日経平均大幅続落、幅広く売られ300円超える下げ

2008年 09月 5日 15:59 JST
 

[東京 5日 ロイター] 東京株式市場では、日経平均が300円を超える下げとなり、1万2200円台に下落。銀行株、輸出関連株など主力株が幅広く売られた。世界景気の低迷でセンチメントが悪化、ファンド勢の売りに短期筋の売りが重なり、個人投資家の追い証売りも加わった。

 東証1部の騰落は値上がり227銘柄に対し値下がり1445銘柄、変わらずが43銘柄だった。

 欧州中銀(ECB)の理事会をきっかけに欧州景気への懸念が強まり、5日の米雇用統計への不安も加わって欧米株が大幅安。ドルが一時105円台まで急落したこともあり、東京株式市場でも売りが先行する展開になった。3メガバンクが売り気配で始まるなど、銀行株、輸出関連株、商社株など主力株が軒並み売られ、ほぼ全面安のスタートとなった。
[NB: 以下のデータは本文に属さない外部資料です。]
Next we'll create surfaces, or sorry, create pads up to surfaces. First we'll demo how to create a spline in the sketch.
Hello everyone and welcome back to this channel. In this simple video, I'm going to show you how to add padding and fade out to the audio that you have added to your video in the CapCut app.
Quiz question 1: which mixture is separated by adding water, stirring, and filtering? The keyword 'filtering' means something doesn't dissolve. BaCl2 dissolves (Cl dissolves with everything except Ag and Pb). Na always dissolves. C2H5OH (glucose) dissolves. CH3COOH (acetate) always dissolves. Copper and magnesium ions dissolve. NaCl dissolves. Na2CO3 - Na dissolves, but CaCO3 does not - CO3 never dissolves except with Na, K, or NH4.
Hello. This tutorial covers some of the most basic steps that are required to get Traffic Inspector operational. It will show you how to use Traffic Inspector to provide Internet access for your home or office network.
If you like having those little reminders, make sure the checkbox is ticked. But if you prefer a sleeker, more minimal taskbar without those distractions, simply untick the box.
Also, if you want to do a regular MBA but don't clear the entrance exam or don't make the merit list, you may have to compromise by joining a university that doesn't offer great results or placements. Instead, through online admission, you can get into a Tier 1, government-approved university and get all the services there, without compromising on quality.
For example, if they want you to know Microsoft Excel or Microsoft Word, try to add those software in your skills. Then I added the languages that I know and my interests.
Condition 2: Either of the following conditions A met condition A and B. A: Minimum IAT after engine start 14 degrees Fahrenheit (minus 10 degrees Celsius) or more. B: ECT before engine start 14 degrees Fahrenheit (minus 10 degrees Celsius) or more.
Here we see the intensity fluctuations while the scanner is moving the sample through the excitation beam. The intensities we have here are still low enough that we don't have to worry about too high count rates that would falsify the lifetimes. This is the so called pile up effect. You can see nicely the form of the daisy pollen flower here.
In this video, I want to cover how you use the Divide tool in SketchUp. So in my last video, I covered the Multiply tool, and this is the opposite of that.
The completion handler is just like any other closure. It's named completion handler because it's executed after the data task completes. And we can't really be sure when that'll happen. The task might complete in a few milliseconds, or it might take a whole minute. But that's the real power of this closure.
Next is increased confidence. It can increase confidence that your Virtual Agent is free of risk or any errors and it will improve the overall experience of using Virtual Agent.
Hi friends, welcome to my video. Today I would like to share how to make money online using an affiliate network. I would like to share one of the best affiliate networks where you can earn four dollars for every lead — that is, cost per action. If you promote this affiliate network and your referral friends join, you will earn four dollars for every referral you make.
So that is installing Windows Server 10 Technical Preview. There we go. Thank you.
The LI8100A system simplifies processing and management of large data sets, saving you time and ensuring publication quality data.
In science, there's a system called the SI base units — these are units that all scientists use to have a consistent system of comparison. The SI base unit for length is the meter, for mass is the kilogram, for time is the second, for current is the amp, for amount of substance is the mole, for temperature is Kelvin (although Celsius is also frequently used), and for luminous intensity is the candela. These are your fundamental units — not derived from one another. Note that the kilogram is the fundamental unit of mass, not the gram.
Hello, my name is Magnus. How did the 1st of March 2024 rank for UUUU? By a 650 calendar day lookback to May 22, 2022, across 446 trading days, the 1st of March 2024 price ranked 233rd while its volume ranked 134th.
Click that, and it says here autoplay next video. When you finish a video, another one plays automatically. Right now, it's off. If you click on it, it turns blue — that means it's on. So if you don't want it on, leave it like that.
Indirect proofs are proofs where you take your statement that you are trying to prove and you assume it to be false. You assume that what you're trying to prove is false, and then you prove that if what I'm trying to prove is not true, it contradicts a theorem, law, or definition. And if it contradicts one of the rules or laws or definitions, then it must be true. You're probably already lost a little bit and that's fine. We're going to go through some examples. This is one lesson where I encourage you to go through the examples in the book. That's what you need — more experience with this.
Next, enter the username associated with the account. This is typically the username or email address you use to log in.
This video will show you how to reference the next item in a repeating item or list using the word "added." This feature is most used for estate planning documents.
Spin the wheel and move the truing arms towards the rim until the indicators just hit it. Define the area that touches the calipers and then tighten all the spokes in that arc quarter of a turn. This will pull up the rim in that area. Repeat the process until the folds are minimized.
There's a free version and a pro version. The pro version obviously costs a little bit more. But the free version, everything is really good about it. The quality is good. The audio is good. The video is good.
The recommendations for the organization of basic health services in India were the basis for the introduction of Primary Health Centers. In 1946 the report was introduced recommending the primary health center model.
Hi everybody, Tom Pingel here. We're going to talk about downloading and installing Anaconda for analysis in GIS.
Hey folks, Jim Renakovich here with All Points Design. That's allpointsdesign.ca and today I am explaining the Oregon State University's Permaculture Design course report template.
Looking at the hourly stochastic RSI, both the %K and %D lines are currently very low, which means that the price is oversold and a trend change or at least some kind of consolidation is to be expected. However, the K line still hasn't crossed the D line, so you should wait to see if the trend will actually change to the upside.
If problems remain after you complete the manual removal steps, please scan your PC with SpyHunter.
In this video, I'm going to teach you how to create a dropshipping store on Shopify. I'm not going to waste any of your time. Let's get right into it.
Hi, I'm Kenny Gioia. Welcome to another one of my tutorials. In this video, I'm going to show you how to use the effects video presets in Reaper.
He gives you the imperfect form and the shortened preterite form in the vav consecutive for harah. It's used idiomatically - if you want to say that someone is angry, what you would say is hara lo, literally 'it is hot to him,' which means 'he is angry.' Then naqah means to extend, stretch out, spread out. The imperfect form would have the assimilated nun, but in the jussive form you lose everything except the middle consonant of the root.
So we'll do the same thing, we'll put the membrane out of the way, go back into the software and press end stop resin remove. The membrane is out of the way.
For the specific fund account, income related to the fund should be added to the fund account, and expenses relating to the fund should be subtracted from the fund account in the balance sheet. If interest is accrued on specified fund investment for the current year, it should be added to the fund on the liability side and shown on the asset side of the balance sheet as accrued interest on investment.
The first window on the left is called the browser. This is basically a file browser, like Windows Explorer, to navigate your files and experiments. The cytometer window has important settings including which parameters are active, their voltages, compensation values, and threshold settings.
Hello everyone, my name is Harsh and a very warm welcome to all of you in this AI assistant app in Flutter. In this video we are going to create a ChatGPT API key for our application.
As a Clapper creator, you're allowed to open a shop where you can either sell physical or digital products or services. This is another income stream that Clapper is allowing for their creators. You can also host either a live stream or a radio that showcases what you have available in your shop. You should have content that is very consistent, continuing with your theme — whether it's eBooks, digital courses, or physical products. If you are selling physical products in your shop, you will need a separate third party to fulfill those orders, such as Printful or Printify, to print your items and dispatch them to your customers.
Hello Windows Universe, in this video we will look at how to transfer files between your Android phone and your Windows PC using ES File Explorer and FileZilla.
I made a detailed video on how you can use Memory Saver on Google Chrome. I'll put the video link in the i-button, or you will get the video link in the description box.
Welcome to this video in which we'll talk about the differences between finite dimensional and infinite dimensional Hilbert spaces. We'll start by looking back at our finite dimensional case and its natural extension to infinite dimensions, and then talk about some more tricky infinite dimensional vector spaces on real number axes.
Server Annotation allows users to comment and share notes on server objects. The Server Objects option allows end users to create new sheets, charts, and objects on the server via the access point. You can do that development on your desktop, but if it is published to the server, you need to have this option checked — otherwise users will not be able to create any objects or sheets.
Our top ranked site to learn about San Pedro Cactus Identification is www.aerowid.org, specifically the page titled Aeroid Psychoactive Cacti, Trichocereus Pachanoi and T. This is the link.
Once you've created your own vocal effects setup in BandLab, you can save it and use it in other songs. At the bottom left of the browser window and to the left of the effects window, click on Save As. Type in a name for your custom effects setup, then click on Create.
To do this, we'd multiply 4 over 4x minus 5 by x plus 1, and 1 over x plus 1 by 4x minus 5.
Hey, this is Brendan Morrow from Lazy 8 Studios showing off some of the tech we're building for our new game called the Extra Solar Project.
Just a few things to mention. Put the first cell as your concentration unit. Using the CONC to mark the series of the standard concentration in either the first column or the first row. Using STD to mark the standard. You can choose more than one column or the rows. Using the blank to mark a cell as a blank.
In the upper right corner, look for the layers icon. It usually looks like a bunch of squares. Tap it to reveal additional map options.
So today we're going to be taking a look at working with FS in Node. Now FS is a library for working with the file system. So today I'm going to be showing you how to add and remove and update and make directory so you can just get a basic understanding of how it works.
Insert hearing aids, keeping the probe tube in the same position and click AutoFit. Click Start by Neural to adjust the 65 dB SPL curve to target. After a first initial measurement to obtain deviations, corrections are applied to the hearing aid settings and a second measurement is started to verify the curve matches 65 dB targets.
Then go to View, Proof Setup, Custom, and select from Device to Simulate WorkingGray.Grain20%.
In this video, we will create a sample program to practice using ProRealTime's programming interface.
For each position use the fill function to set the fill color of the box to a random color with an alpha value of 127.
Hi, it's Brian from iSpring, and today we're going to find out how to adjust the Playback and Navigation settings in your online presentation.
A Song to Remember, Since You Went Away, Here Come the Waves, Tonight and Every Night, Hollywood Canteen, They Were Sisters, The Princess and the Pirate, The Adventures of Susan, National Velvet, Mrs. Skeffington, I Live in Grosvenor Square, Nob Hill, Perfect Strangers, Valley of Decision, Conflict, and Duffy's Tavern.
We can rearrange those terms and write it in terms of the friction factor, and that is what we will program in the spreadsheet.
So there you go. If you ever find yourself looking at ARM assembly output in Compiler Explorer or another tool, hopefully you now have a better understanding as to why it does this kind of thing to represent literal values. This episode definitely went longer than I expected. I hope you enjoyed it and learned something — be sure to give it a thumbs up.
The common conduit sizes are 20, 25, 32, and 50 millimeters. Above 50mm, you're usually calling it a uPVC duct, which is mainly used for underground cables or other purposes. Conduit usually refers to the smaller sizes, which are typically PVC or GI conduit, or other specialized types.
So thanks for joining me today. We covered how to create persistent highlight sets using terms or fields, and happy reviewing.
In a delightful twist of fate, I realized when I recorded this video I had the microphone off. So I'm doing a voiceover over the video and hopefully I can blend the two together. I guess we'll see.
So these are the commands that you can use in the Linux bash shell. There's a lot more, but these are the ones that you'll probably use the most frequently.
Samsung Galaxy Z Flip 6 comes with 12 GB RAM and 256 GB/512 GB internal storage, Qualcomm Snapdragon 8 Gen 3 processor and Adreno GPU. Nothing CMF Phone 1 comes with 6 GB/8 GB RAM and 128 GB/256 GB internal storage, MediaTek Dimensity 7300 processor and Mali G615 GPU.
 パフォーマンスの悪化したヘッジファンドの閉鎖などが表面化し始めていることから、市場ではヘッジファンドの手仕舞い売りへの警戒が広がっており「解約売りも含めたファンドの換金売りが株価を圧迫している。これをにらんで短期筋が売り乗せし、株価の下げで個人投資家も追い証売りを迫られている」(投信)との声が聞かれた。「リンク債に関連した売りも出ているようだ」(投信)との声もあり、日経平均は一時1万2100円台まで下値を切り下げた。

 ただ、売り一巡後は先物に下値での買い戻しも入り、ドルが一時107円前後まで戻したこともあって日経平均は下げ渋った。「これまでの株価の下げで米雇用統計の悪化はかなり織り込んだ。事前予想通りでも織り込み済みとして買い戻される可能性がある。1万2000円台前半なら水準感からのロングも持ちやすい」(準大手証券)との見方が出ていた。

 先物の買い戻しだけでなく、売り気配で始まった三菱商事8058が一時前日比プラスに転じるなど現物株の一角にも買い戻す動きがみられた。

 東証1部売買代金は2兆3294億円とじわり膨らんだが、300円を超える下落幅を考えれば「買い物薄による真空地帯の下げの側面が大きい。ファンド勢の売りが規模を伴って出てきているわけではない」(別の準大手証券)との見方が出ていた。

 個別銘柄では、みずほフィナンシャルグループ8411など銀行株が売られた。トヨタ自動車7203やソニー6758など輸出関連株も軟調。

 SUMCO3436が大幅安。日本ハム2282も売られた。三井海洋開発6269も売り先行。ブリヂストン5108は小幅高。セブン&アイ・ホールディングス3382も小高い。川崎汽船9107が堅調に引けた。